Henderson’s Chief Economist Simon Ward talks monetary trends in China and the impact on other economies.
Monetary trends again provided useful signals for forecasters in 2015: The best monetary leading indicator of the economy is the real or inflation-adjusted narrow money supply, defined as currency in circulation plus demand deposits.
Real narrow money was growing solidly in the Eurozone at end-2014 but was stagnant in China. This signalled that worries about a Eurozone recession were unfounded, while the Chinese economy would slow sharply.
US real money growth was strong at the start of 2015 but fell steadily. This warned that the economy would lose momentum during the second half, casting doubt on expectations that the Fed would hike rates by the autumn.
Policy Impact
The biggest change during 2015 was in China, where policy easing resulted in real narrow money recovering in the spring and surging later in the year. Allowing for a typical nine-month lag between real money and the economy, the suggestion is that Chinese growth will rebound powerfully from early 2016.

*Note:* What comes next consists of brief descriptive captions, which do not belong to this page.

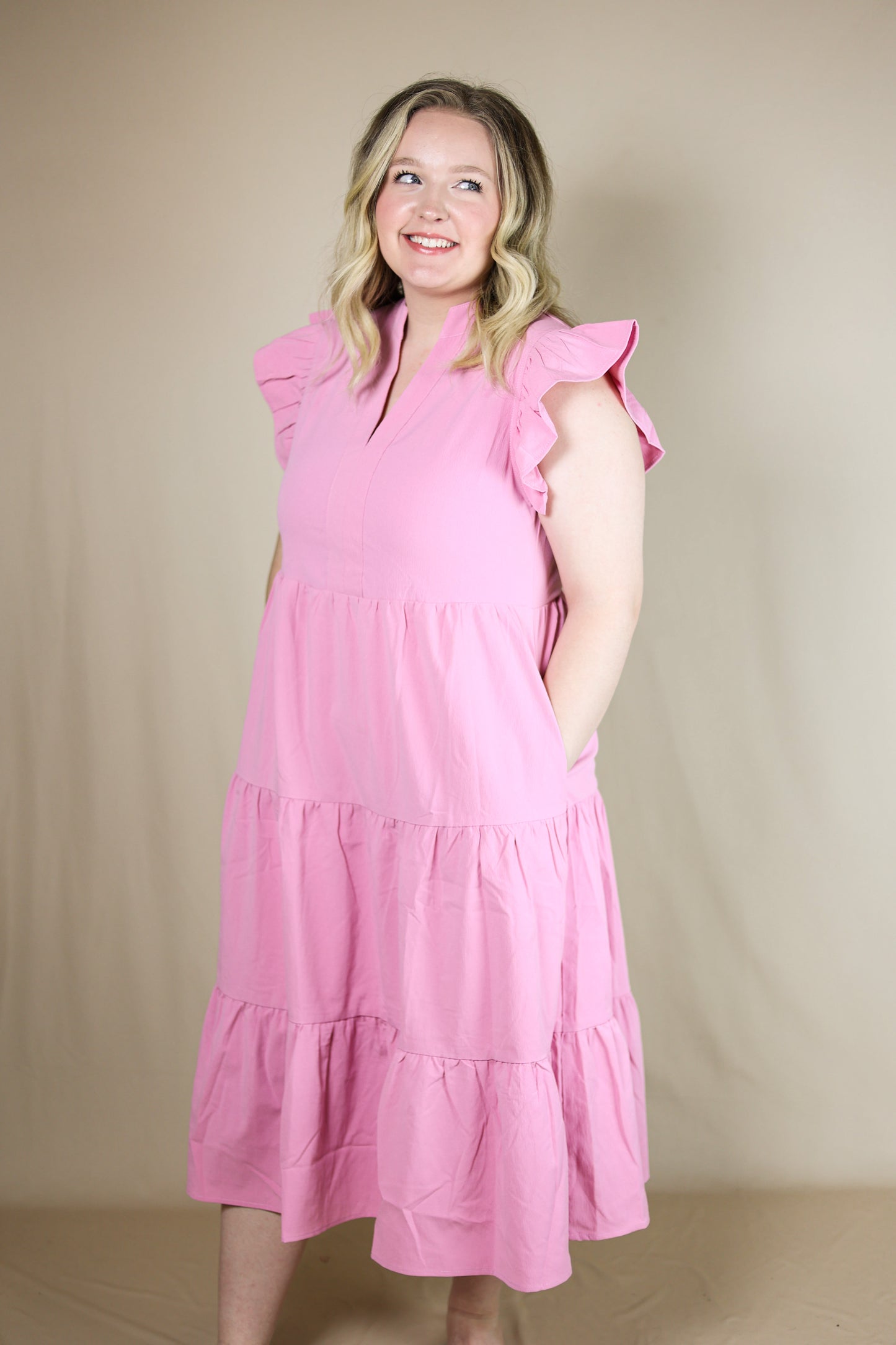 Savannah Tiered Midi Dress (Pink)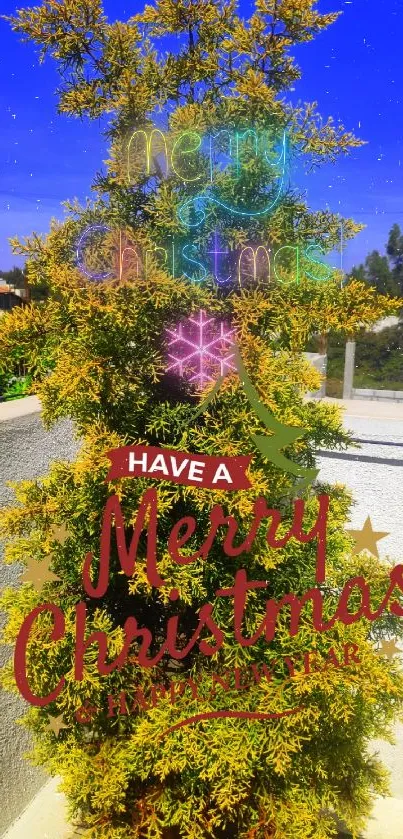 Vibrant Christmas tree with festive greeting text in an outdoor setting.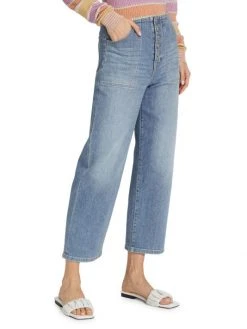 Veronica Beard Crosbie Cropped Wide-Leg Jeans -Veronica Beard shop unnamed file 443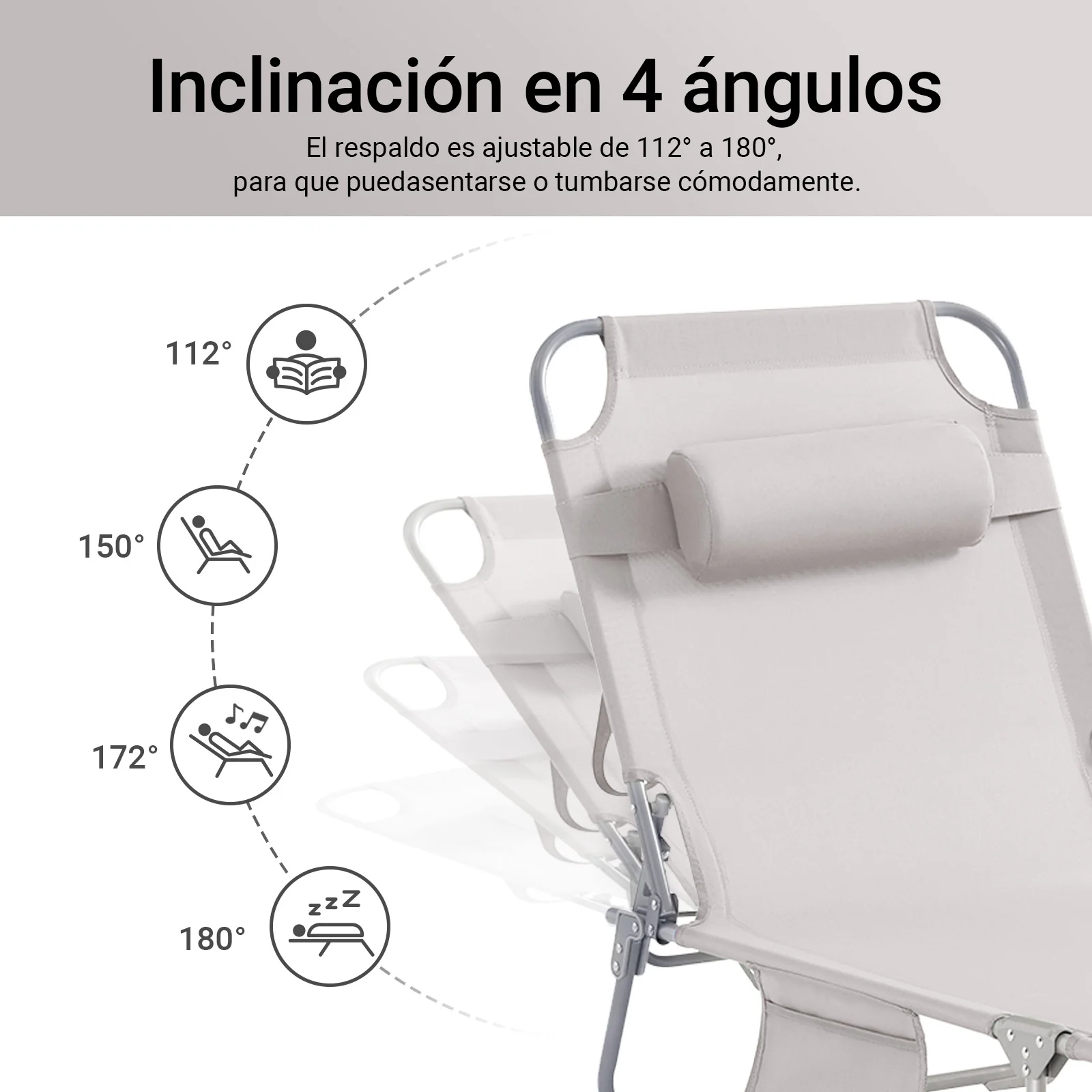 SoBuy OGS35-MIx2 Set de 2 tumbonas beige - Image 4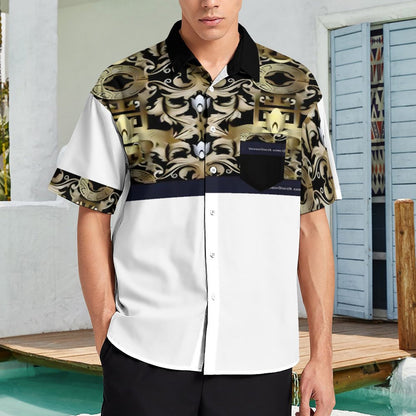 Men's Short Sleeve Father's Day Shirt with Pocket B339 (XS-7XL)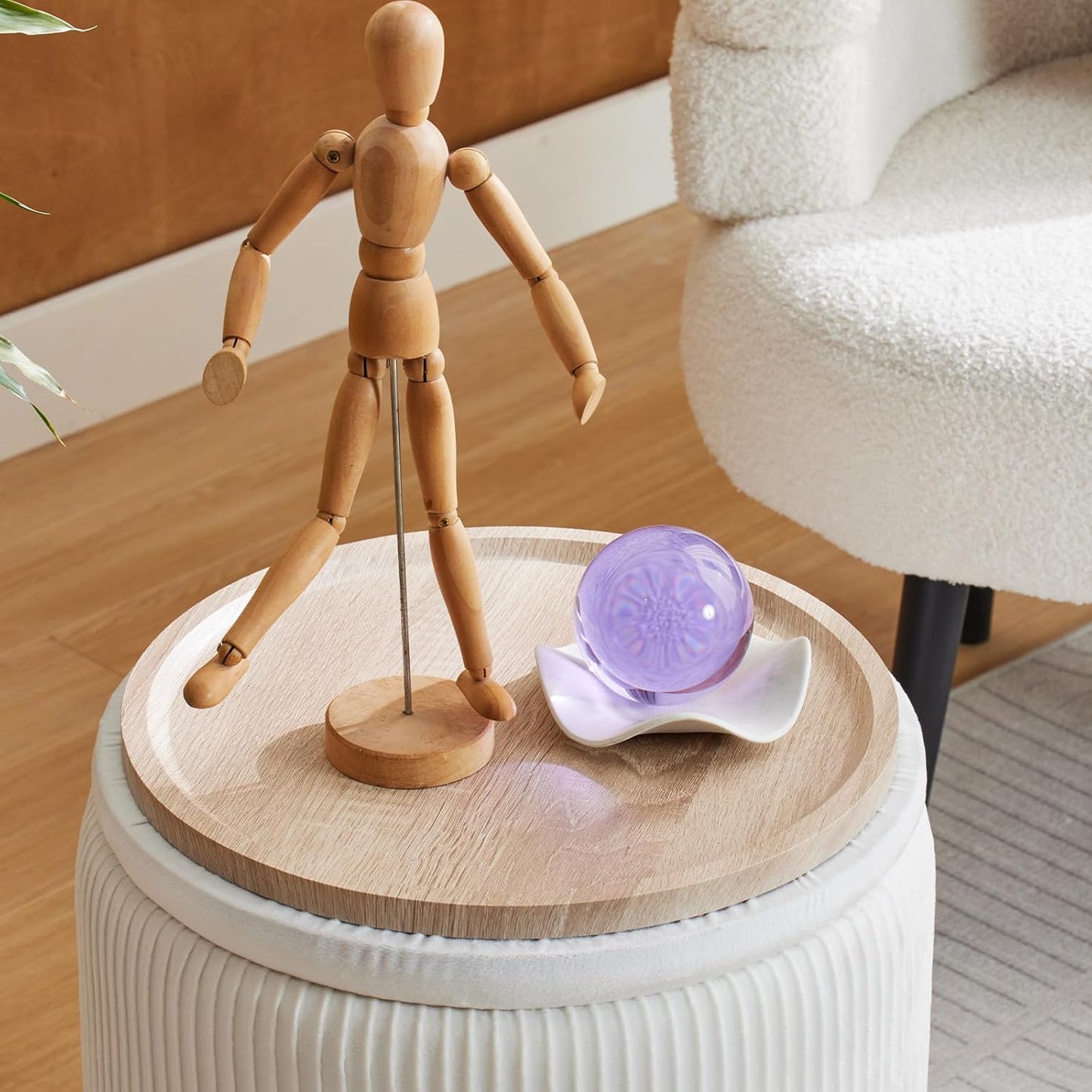 Round Ottoman with Storage Set of 2-Upholstered Velvet Vanity Stool for Makeup Multifunctional Ottomans Coffee Table Padded Seat Foot Rest for Living Room&Bedroom (White-Upgrade Tray Lid)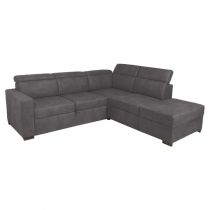 KERIEN, Grand canapé d\'angle (droite) convertible Gigogne en velours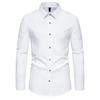 Men's Casual Fashion Business Solid Color Long Sleeved Shirt Autumn Button-Down Social Comfort Shirts Office Black White Blouse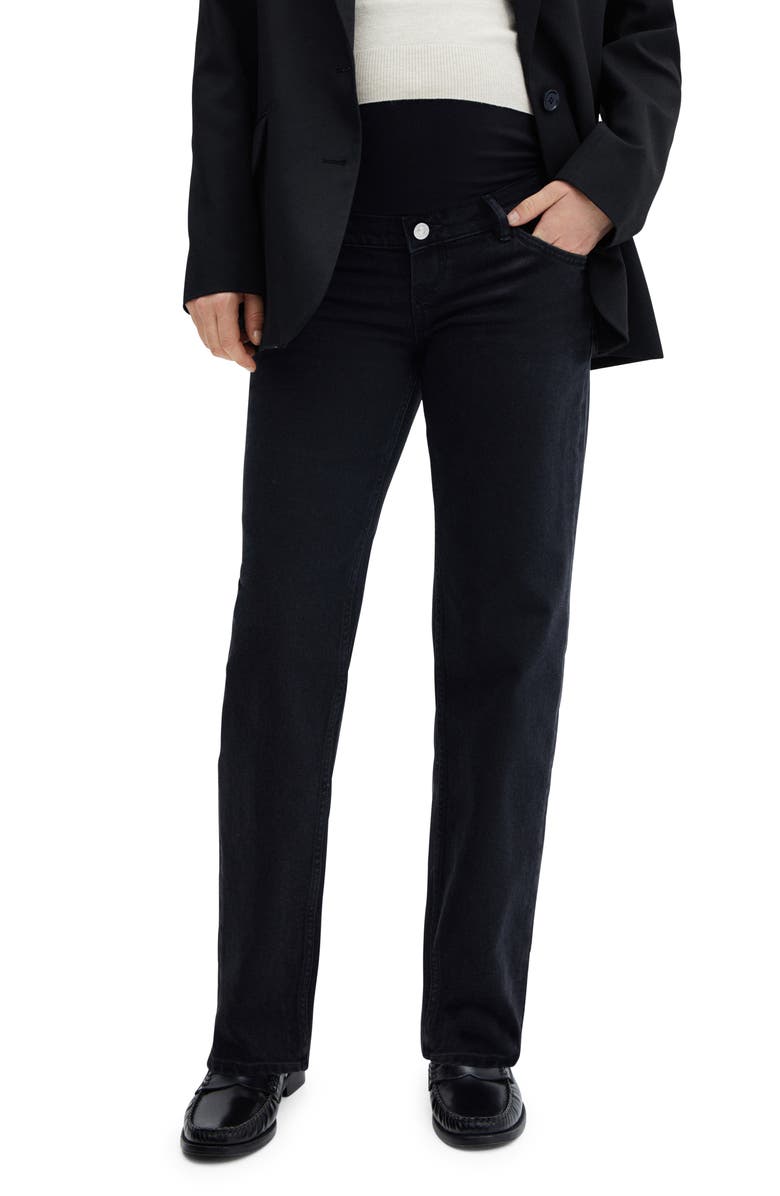 MANGO Over the Bump Straight Leg Maternity Jeans, Main, color,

Markets are fretting about the pace of Fed policy tightening. US real money growth, however, was weak in late 2015, though was regaining momentum. This may indicate that US economic expansion will remain sluggish during the first half of 2016, allowing the Fed to go slow on rate rises.
Important Support für Emerging Economies
Eurozone real money continued to grow strongly in late 2015. GDP is likely to have risen by about 1.5 per cent in the year to the fourth quarter, representing above-trend expansion – the IMF, for example, estimates trend at 1.0 per cent per annum in 2015-16. Current monetary readings suggest a similar or faster GDP increase during 2016.
A recovery in Chinese growth would provide important support for other emerging economies. Real narrow money, moreover, is rising solidly in most of these economies, although Brazil and Russia are exceptions. Aggregate real money growth in the ‘E7’ large emerging economies moved above the level in the G7 developed countries in late 2015, having been mostly lower since 2011.
Historically, emerging market equities have tended to outperform developed markets when the E7 / G7 real money growth gap has been positive.
What Could Go Wrong?
One risk is that even modest Fed tightening will cause US narrow money to slow further, implying a weak US economy later in 2016. Another is that inflation makes a come-back. Global ‘core’ consumer price inflation (i.e. excluding food and energy) rose to a seven-year high in late 2015. Headline inflation could rebound surprisingly sharply if a Chinese economic recovery lifts commodity prices.
Global real money growth was solid at end-2015 and above output expansion, suggesting that ‘excess’ liquidity is available to support markets. This argues for entering 2016 with an optimistic bias, but investors should keep a wary eye on US monetary trends and be alert for a possible inflation scare.